Privacy Sandbox on Android Beta is here! Learn how to get started, and continue to provide feedback.

Test data with the Measurement Simulation Library

Stay organized with collections Save and categorize content based on your preferences.

As you implement the Attribution Reporting API in your tech stack, it is important to get an idea of how your attribution data will look after the integration. With the Measurement Simulation Library, you can work with a simplified mock environment, allowing you to measure the impact of the Attribution Reporting API early so you don't need to wait until your integration is finished to begin testing.

The Measurement Simulation Library allows you to understand the impact of your integration by presenting historical data as if it were collected by the Attribution Reporting API. This allows you to compare your historical conversion numbers with Measurement Simulation Library results to see how reporting accuracy might change. You can also use the Measurement Simulation Library to experiment with different aggregation key structures and batching strategies, and train your optimization models on Measurement Simulation Library reports to compare projected performance with models based on current data.

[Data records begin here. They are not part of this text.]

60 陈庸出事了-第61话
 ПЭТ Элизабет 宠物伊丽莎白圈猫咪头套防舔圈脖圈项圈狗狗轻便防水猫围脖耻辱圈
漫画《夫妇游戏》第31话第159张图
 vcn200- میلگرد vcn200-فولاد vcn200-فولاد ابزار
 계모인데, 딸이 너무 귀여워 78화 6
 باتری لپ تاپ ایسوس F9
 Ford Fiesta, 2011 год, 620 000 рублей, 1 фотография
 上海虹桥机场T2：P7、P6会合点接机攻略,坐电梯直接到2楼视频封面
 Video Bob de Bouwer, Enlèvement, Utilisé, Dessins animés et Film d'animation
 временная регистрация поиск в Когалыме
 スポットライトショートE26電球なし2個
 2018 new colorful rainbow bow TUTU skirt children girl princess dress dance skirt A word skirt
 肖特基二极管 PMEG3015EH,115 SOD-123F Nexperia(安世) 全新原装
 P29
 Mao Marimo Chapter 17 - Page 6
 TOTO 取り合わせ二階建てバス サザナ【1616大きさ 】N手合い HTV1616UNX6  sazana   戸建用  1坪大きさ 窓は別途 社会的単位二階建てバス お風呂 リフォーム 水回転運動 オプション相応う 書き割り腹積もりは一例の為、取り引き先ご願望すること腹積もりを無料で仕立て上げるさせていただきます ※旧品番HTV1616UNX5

To adequately test the Attribution Reporting API's privacy and security guarantees, ad tech partners can run event-level and aggregatable reports on simulated measurement data to evaluate how Attribution Reporting APIs will present measurement data, privacy effectiveness, and how well that data fits into reports and models.

The Measurement Simulation Library allows you to test the following:

  • Aggregation keys
  • Aggregation windows
  • Reporting windows for event reports
  • Conversion metadata in event reports
  • Conversion rate limits, click-level and user-level restrictions
  • Noise levels and thresholds

As you conduct your Measurement Simulation Library testing, keep in mind key concepts such as how seasonality may impact your aggregation key and batching strategies, how you will translate different noising results to your customers and how much customization you will allow. Experimenting with the variability of the Attribution Reporting API will allow you to deliver the best possible results when it is time to roll out your integration.

How it works

The Measurement Simulation Library takes ad tech’s historical dataset as a single offline batch and runs a simulation on the local machine. It divides data based on the user_id field, which represents different users and simulates the client side behavior for each user in parallel.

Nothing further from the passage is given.